[YOUR OBJECTIVE]: Out of the lines below, please list those that hold the string "white".

[Dataset excerpts]

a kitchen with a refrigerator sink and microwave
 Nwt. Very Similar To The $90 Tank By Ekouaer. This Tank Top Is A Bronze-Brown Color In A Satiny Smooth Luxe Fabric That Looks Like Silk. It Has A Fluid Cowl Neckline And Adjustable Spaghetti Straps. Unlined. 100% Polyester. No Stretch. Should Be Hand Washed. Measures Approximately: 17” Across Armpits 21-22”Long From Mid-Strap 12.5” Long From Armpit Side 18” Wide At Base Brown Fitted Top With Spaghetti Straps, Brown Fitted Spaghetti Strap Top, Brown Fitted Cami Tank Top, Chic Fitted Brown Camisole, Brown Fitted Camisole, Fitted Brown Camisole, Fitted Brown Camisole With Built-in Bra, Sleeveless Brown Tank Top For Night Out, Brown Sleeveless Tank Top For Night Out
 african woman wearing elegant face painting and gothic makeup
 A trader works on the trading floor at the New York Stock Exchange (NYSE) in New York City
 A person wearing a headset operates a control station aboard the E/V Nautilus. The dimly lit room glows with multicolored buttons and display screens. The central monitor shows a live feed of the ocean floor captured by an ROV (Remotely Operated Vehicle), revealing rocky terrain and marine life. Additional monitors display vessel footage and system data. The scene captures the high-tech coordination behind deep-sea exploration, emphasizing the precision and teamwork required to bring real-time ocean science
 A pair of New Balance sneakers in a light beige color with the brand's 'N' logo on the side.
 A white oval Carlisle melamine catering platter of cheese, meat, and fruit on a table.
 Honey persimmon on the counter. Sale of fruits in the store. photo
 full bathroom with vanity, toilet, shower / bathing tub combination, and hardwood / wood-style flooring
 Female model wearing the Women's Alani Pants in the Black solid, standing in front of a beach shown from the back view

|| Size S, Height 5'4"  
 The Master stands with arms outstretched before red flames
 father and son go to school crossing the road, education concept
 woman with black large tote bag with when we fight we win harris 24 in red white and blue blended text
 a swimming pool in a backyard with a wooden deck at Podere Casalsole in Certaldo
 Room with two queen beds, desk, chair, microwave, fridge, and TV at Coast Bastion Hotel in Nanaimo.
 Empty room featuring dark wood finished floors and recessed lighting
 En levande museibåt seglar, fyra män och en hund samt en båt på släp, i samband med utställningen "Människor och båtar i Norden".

[ANSWER TO THE EXERCISE]:
 A white oval Carlisle melamine catering platter of cheese, meat, and fruit on a table.
 woman with black large tote bag with when we fight we win harris 24 in red white and blue blended text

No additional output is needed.